§ Activity:
Your answer must be the lines from the start of the records through the line with "Lina online show from 12.19.24", exactly as written, without the pictures.

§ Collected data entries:
-- Opening Marker --

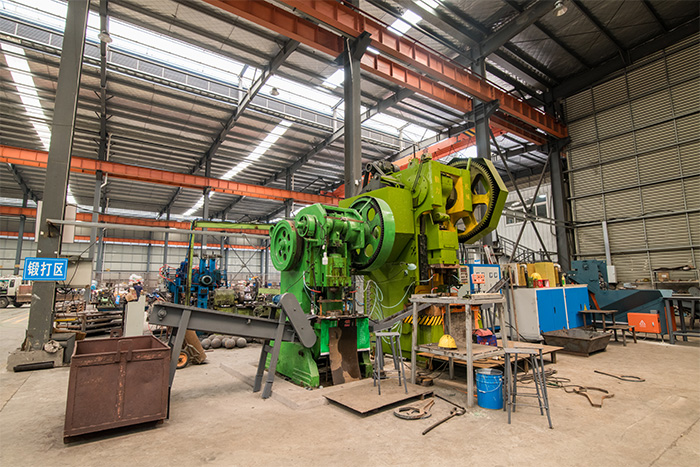 怀柔网架配件-锥头加工车间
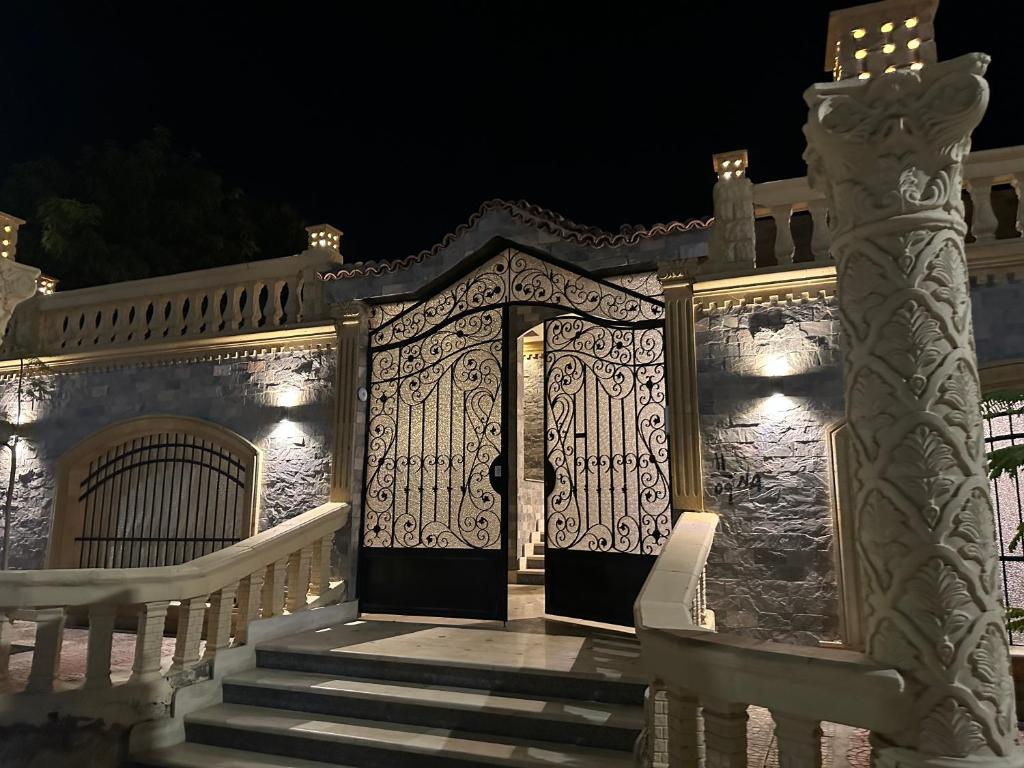 Fotografie z fotogalerie ubytování VIP villa Ali v destinaci Ismá'ílíja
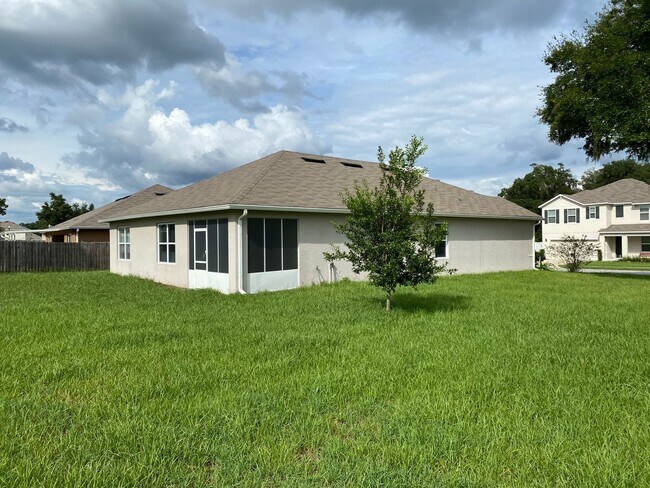 Building Photo - NOT AVAILABLE FOR SHOW UNTL OCTOBER 20TH O...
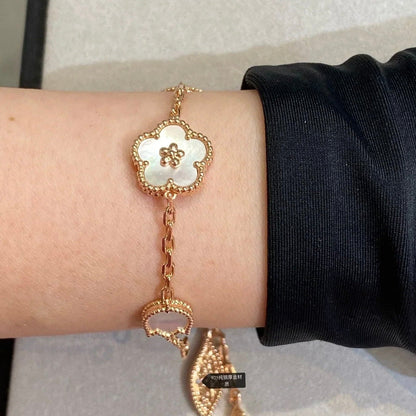 [⭐Novea]LUCKY SPRING 5 MOTIF BRACELET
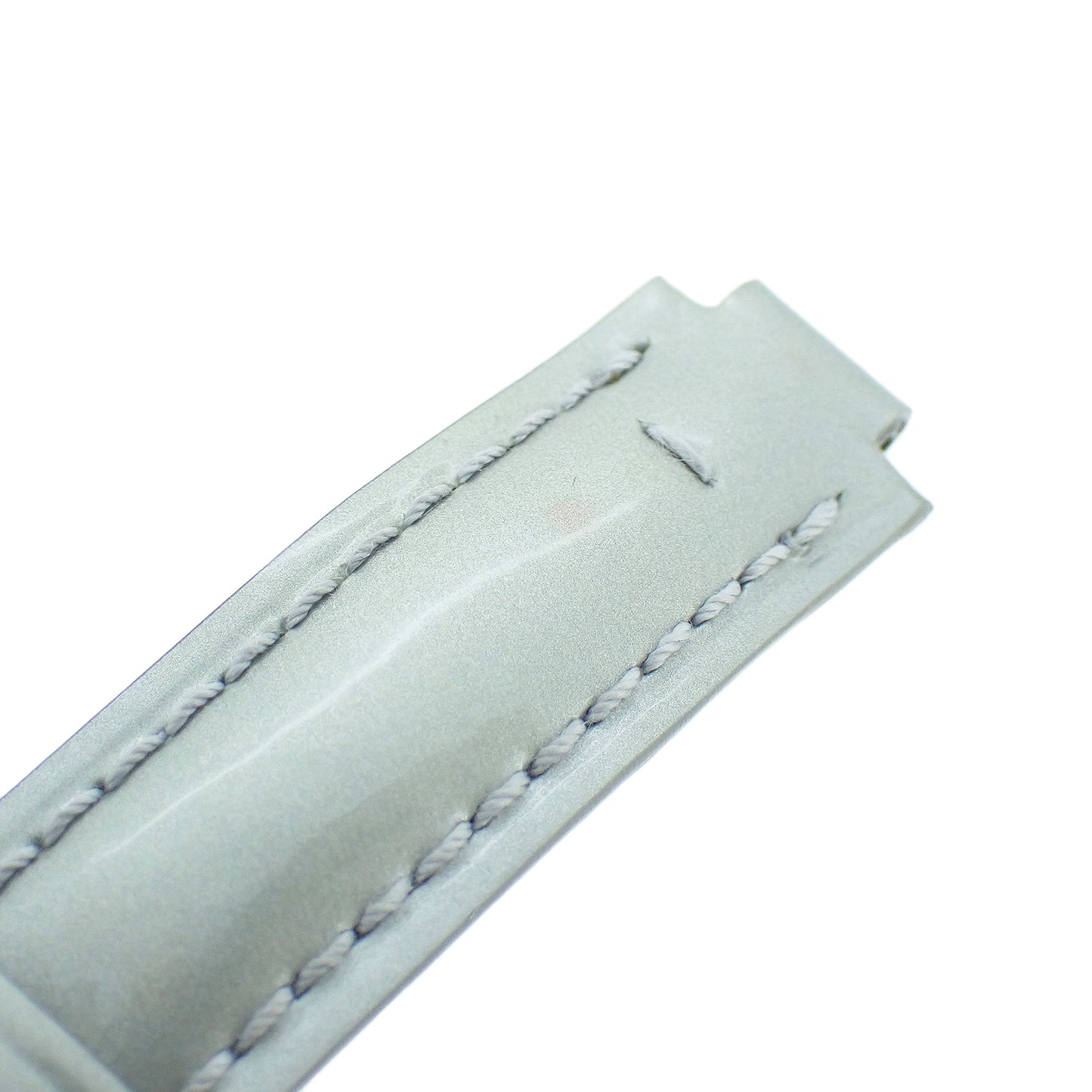 LOUIS VUITTON ルイ・ヴィトン 純正 レザーベルト タンブール用 尾錠付き シルバー シルバー レディース 時計ベルト
LV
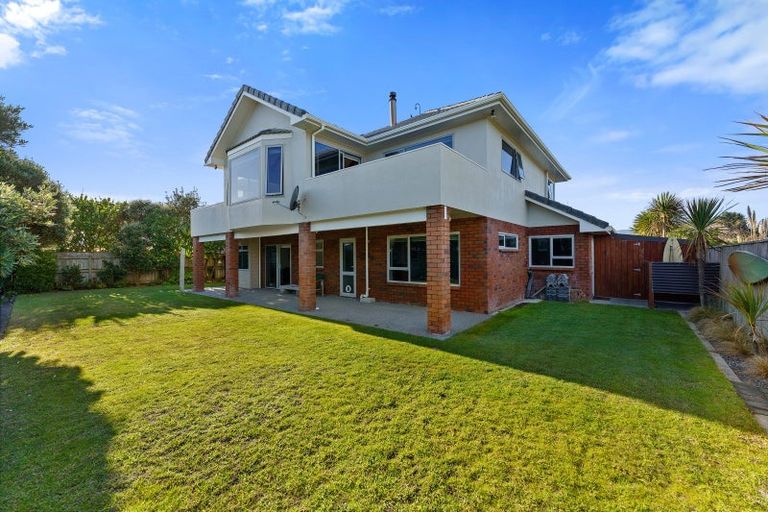 Photo of property in 8 Scott Avenue, Otaki Beach, Otaki, 5512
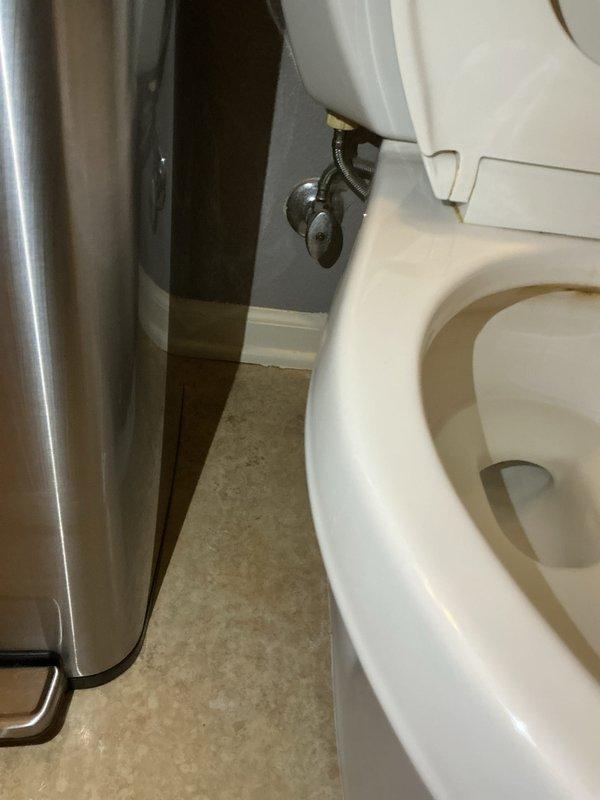 Conducted a comprehensive plumbing inspection at the client's residence. All plumbing systems were found to be in excellent condition. Completed resealing of one toilet to prevent potential leakage and ensure proper functionality.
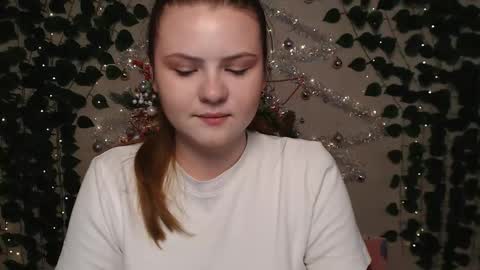 Lina online show from 12.19.24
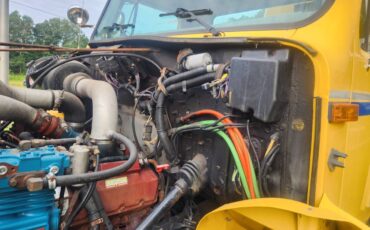 International-4700-diesel-1995-yellow-10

-- Closing Marker --

§ Exercise solution:
 怀柔网架配件-锥头加工车间
 Fotografie z fotogalerie ubytování VIP villa Ali v destinaci Ismá'ílíja
 Building Photo - NOT AVAILABLE FOR SHOW UNTL OCTOBER 20TH O...
 [⭐Novea]LUCKY SPRING 5 MOTIF BRACELET
 LOUIS VUITTON ルイ・ヴィトン 純正 レザーベルト タンブール用 尾錠付き シルバー シルバー レディース 時計ベルト
LV
 Photo of property in 8 Scott Avenue, Otaki Beach, Otaki, 5512
 Conducted a comprehensive plumbing inspection at the client's residence. All plumbing systems were found to be in excellent condition. Completed resealing of one toilet to prevent potential leakage and ensure proper functionality.
 Lina online show from 12.19.24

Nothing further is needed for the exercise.